Tamim's first Test century
It was Tamim Iqbal's maiden Test century – a 243-ball 128 in the second innings of the game -- that eventually laid the foundation for Bangladesh's second-ever Test victory with a 95-run win over a weakened West Indies side in the first Test in St Vincent. Tamim seemed desperate to not repeat what he had done in the first innings – playing away from his body and edging a Tino Best delivery to the slip. The left-hander, who had often paid for his over-aggression, looked determined and played almost out of character. He calmly swayed away from the bouncers that Best had thrown his way but did not hesitate to pounce on the ones that are short and wide. As the day passed, he became more defensive and relied on singles as he stitched up stands of 82 and 146 runs for the opening and the second wicket with Imrul Kayes and Junaid Siddique respectively. Thanks to Tamim's knock, Bangladesh were able to set a 277-run target which was later handsomely defended by the Tigers' spin duo of Shakib Al Hasan and Mahmudullah Riyad.
Mahmudullah's dream debut
Set 277 to win, the home side crumbled to 181 all out as the debutant off-spinner Mahmudullah Riyad ripped through the batting order with 5-51 in the first Test.
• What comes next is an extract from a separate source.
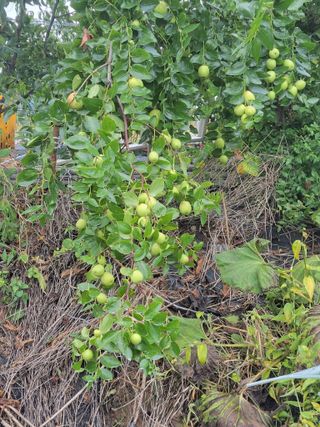 김종옥님의 자유주제 · 자유게시판 작성글 사진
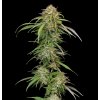 Humboldt Seed Company, Ed Rosenthals Super High Life, feminized (Balení 10ks)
The strategy for Mahmudullah was simple and it could be best described by what had happened in the second session of the final day. At one point, wicketkeeper Mushfiqur Rahim shouted out to Mahmudullah: "Just keep hitting the right areas; the pitch will take care of the rest". Mahmudullah did exactly that to pick up three quick wickets after lunch before he returned to take another two in the last session, finishing with figures of five for 51 in 15 overs which would remain as his career-best spell in the format.
Mashrafe limps off the ground
Bowling in his just seventh over of his first game in charge of the Bangladesh Test side, Mashrafe Bin Mortaza lost his footing and fell clumsily on his right knee. The delivery was put away through the covers by Omar Phillips for a boundary but what had hurt the Tigers most was that Mashrafe had to be eventually ruled out from the entire series as he limped out of the ground in agony.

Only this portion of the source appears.